The ingest_path() function reads files or recursively walks directories, producing chunks ready for storage.

Supported File Types¶

Type	Extensions
Text	`.txt` and other plain text files
Markdown	`.md`, `.markdown`, `.mdx`
Code	`.py`, `.js`, `.ts`, `.rs`, `.go`, `.java`, `.c`, `.cpp`, `.rb`, `.sh`, `.yaml`, `.json`, `.html`, `.css`, and more
PDF	`.pdf` (requires `pdfplumber`: `uv sync --extra memory-pdf`)

Automatic Skipping¶

The ingestion pipeline automatically skips:

Hidden files and directories (starting with .)
Common non-content directories: __pycache__, node_modules, .venv, .git, etc.
Binary files: images, audio, video, archives, compiled files
Files that cannot be read (permission errors, encoding issues)

Usage¶

from pathlib import Path
from openjarvis.tools.storage.chunking import ChunkConfig
from openjarvis.tools.storage.ingest import ingest_path

# Default chunking
chunks = ingest_path(Path("./docs/"))

# Custom chunking
config = ChunkConfig(chunk_size=256, chunk_overlap=32)
chunks = ingest_path(Path("./notes.md"), config=config)

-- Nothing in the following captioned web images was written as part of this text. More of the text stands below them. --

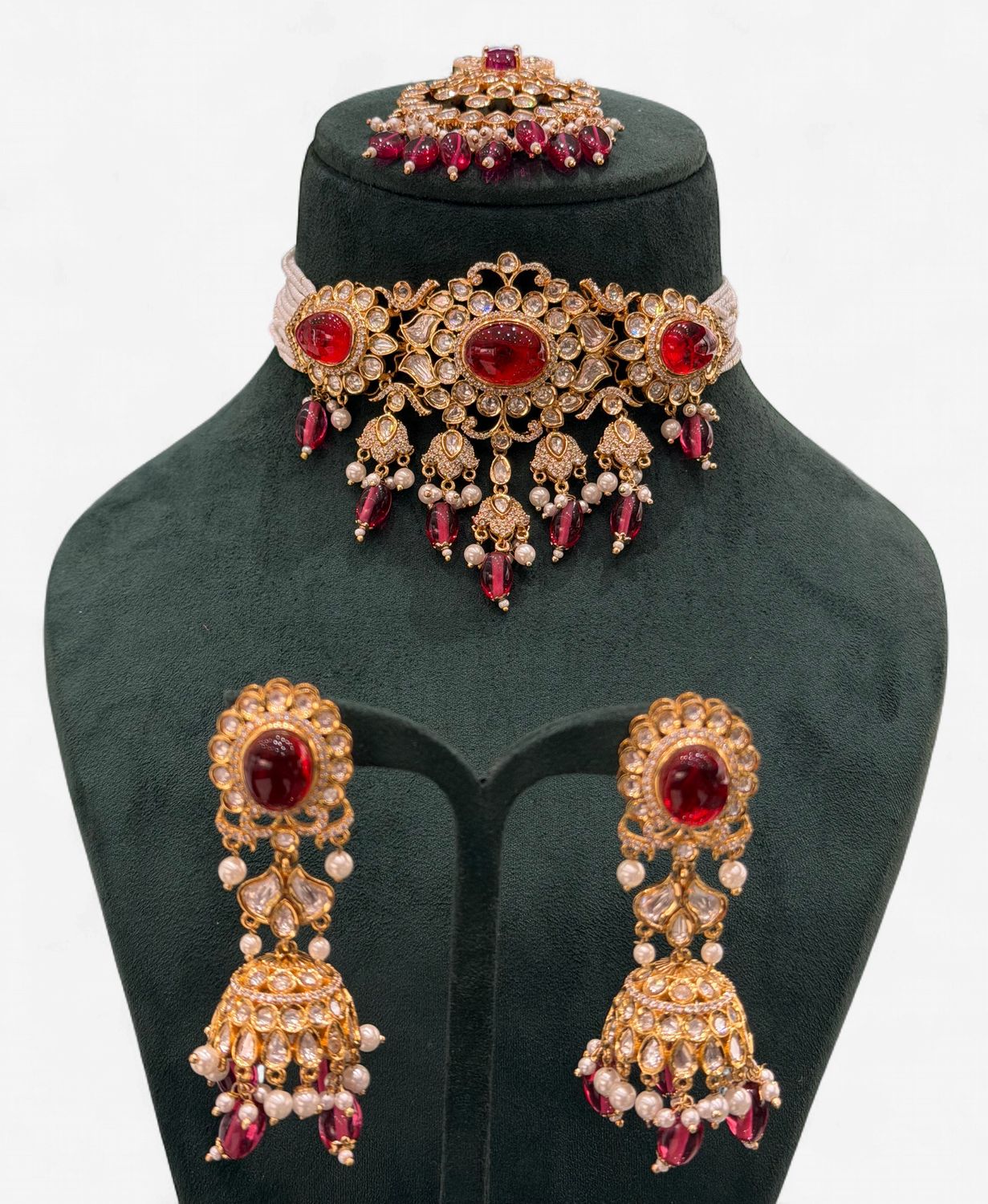 Siena Ruby Choker Set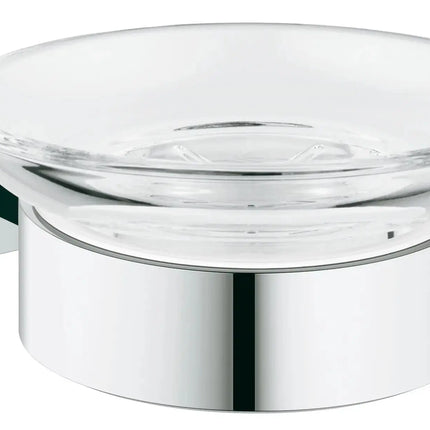 Grohe ESSENTIALS CUBE SOAP DISH W.HOLDER  Chrome 40754001 - Plumbing Market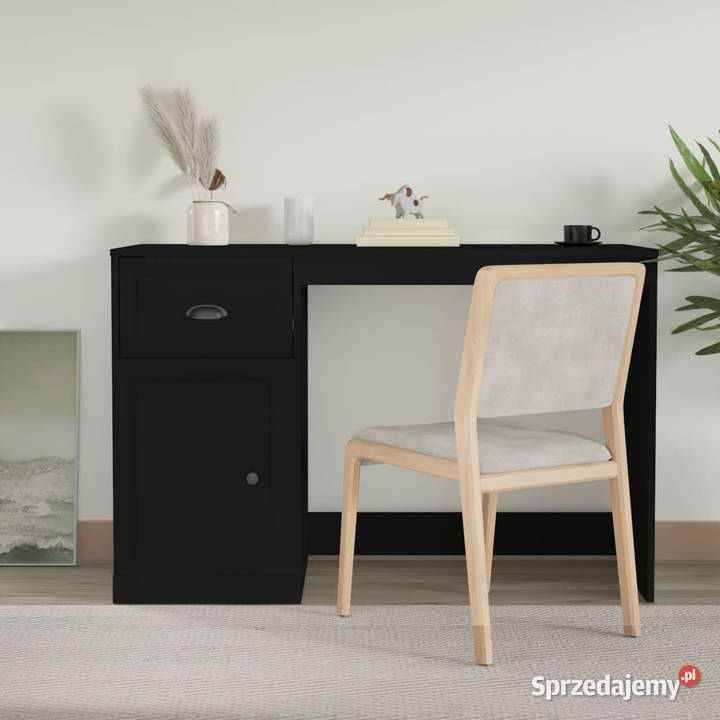 Biurko z szufladą czarne 115x50x75 WM816473 mazowieckie Warszawa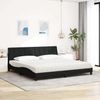 vidaXL Bett mit Matratze "Hanko" Schwarz 200x200 cm Stoff 3310554 Bild 3
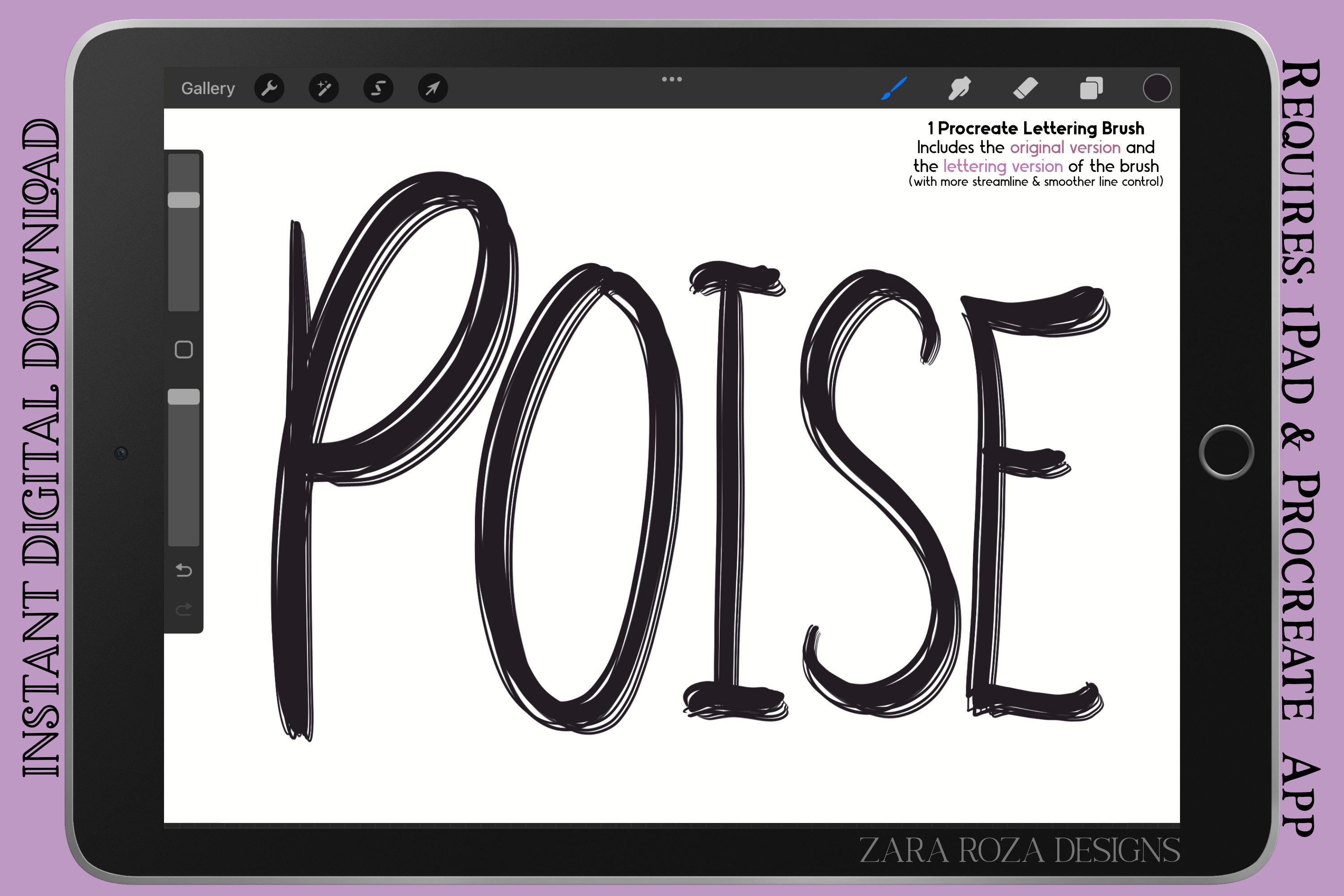 Poise - Procreate Lettering Brush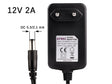 Netzteil 12 Volt / 2 Ampere / 24 Watt mit DC Stecker 5,5 mm x 2,1 mm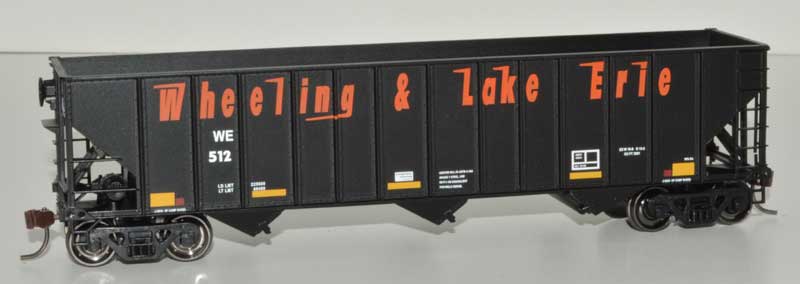 Bowser 41532 HO Wheeling & Lake Erie 100 Ton Hopper Car Kits & Ready to Run #636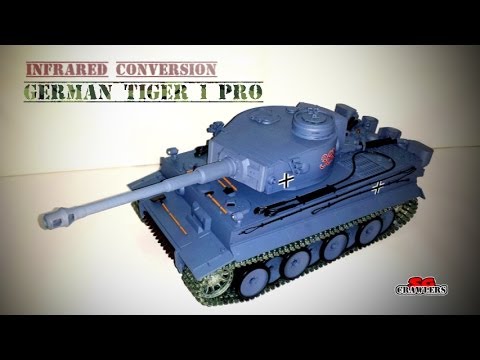 How to convert Heng Long German Tiger 1 pro airsoft RC tank for Infrared battle: IR Conversion - UCfrs2WW2Qb0bvlD2RmKKsyw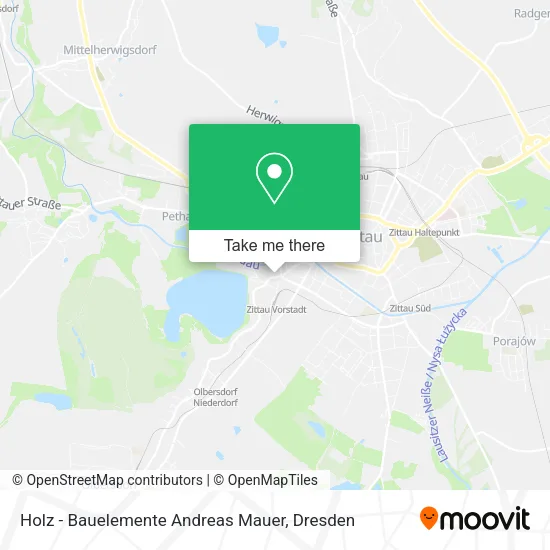 Карта Holz - Bauelemente Andreas Mauer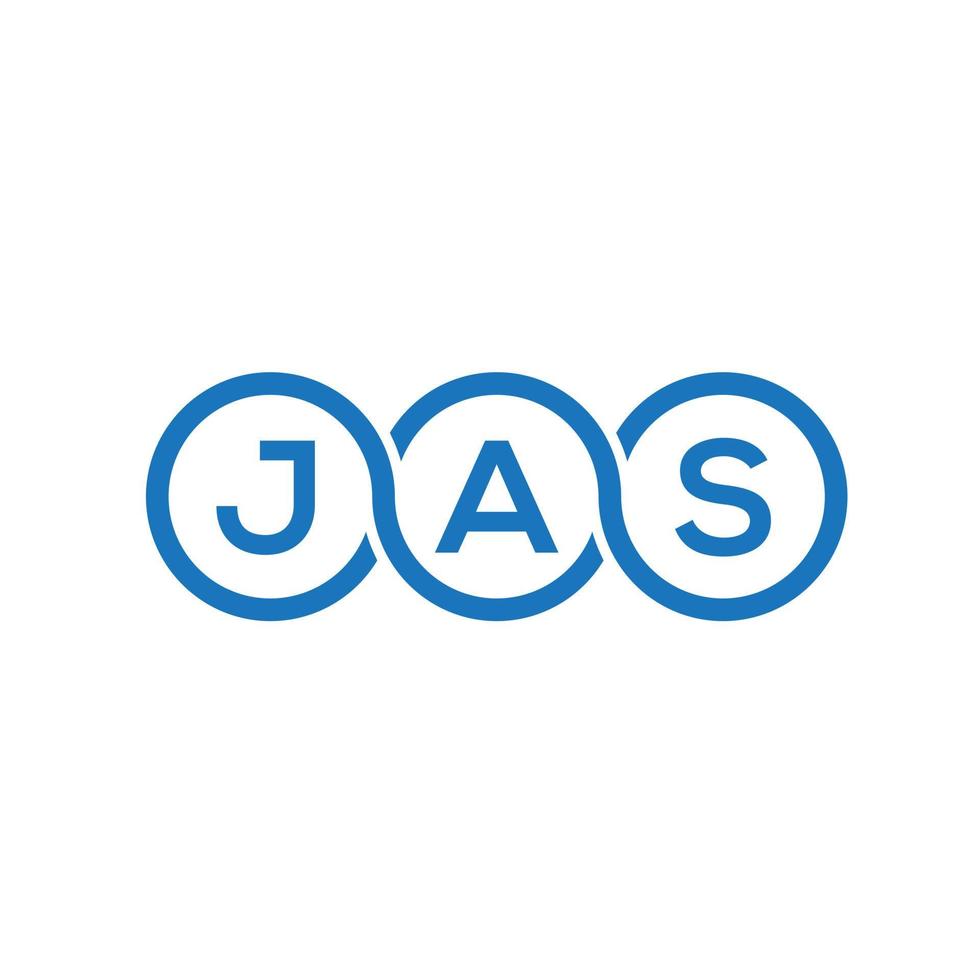 jas brev logotyp design på vit bakgrund. jas kreativa initialer bokstavslogotyp koncept. jas bokstavsdesign. vektor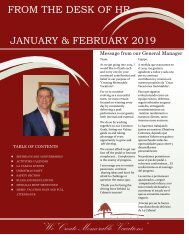 From the Desk of HR January & February 2019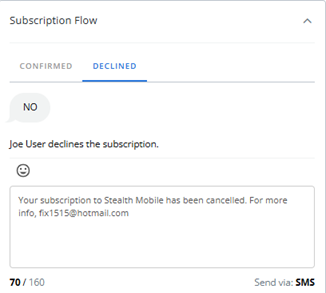 decline message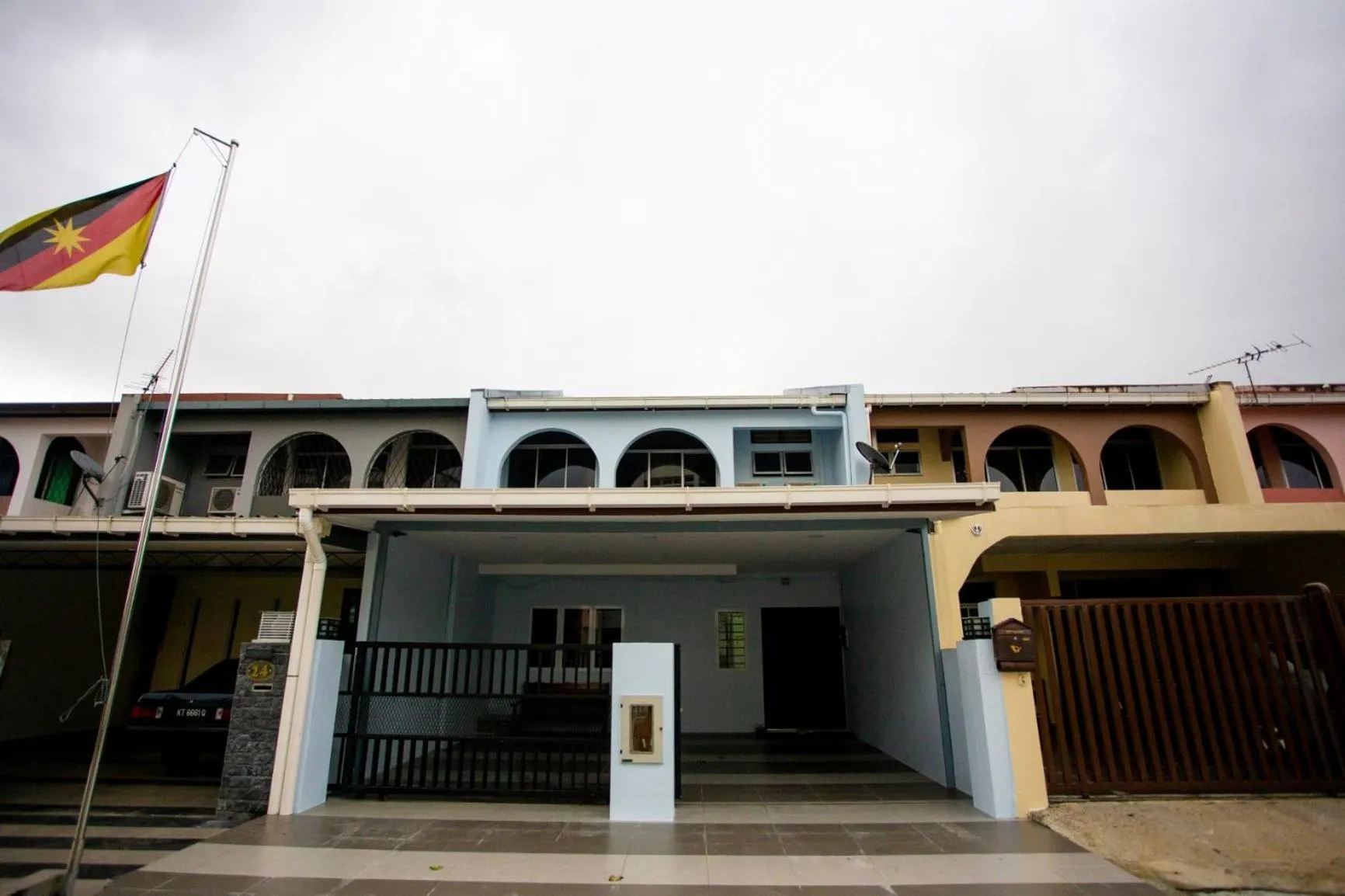 Parking in Hom2rex Kuching Homestay Taman Timberland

print(f"Produced {len(chunks)} chunks")
for chunk in chunks[:3]:
    print(f"  [{chunk.index}] {chunk.source}: {chunk.content[:60]}...")

Context Injection¶

When memory context injection is enabled (the default), queries are automatically augmented with relevant retrieved documents before being sent to the model. Each retrieved passage includes source attribution.

ContextConfig¶

Field	Type	Default	Description
`enabled`	`bool`	`True`	Whether context injection is active
`top_k`	`int`	`5`	Number of results to retrieve
`min_score`	`float`	`0.1`	Minimum relevance score threshold
`max_context_tokens`	`int`	`2048`	Maximum total tokens in injected context

How It Works¶

The user's query is searched against the memory backend.
Results below min_score are filtered out.
Results are truncated to fit within max_context_tokens.
A system message is prepended to the conversation with the formatted context:

The following context was retrieved from the knowledge base.
Use it to inform your response, citing sources where applicable:

[Source: docs/intro.md] OpenJarvis is a modular AI framework...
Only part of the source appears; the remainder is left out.